Post by FrankGSterleJr »

Upon the recent discovery of the mass grave at the former Kamloops (B.C., Canada) Indian Residential (Catholic) School site, containing the remains of 215 indigenous children, many people of the faith likely need to believe that such an atrocious occurrence could only have happened 'long ago'/'in the past'; and, more importantly, their church and humanity therefore could/would not allow such inhumanity to happen again in our much more civilized, modern times. I, however, doubt that is the way large-scale societies — let alone border-segregated, independent nations — necessarily behave as wholes.

After 34 years of news consumption, I have found that a disturbingly large number of categorized people, however precious their souls, can be considered thus treated as though disposable, even to an otherwise democratic nation. When the young children of those people take notice of this, tragically, they’re vulnerable to begin perceiving themselves as beings without value. When I say this, I primarily have in mind indigenous-nation (and Black) Canadians and Americans. But, tragically, such horrendous occurrences still happen on Earth, often enough going unrealized to the rest of the world.

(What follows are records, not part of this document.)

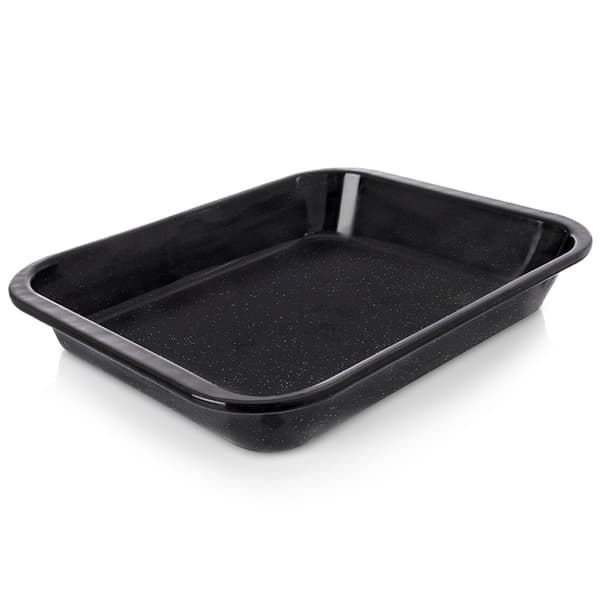 Emaljeret rektangulær bageplade dyb 31x25x4,5 cm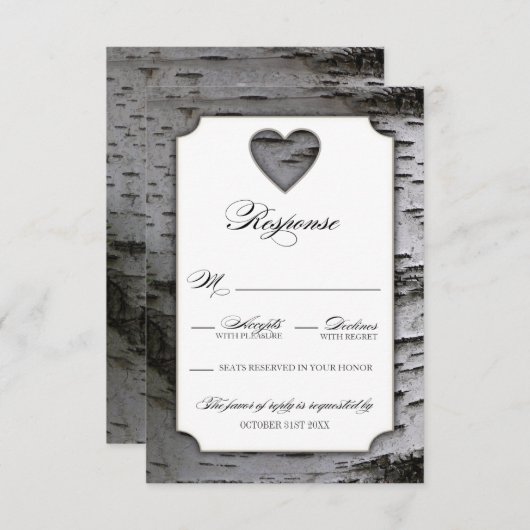 Cutout Heart Birch Tree Bark Wedding RSVP Kaarten (Voorkant / Achterkant)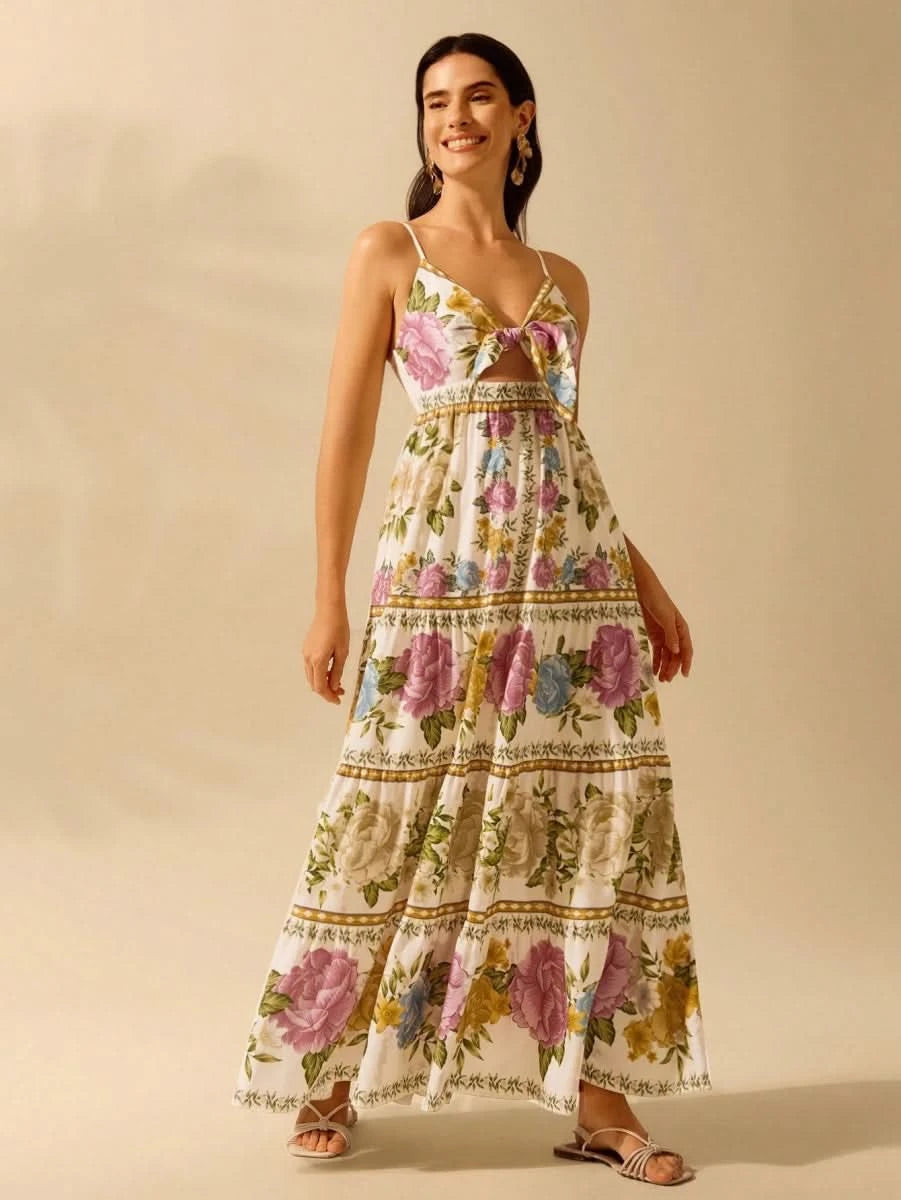 Capri Maxi Dress – Romantic Floral with Front Tie - Satin Whisper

It wasn't a racial genocide, but it was a serious attempt at annihilating indigenous-nation culture. ... The indigenous children's mass grave, as sadly anticipated as the find was (and others are expected), must not be in vain. It needs to mark the start of a substantial progressive move forward for indigenous nations, especially regarding life’s fundamental necessities (proper shelter and clean air, water and food).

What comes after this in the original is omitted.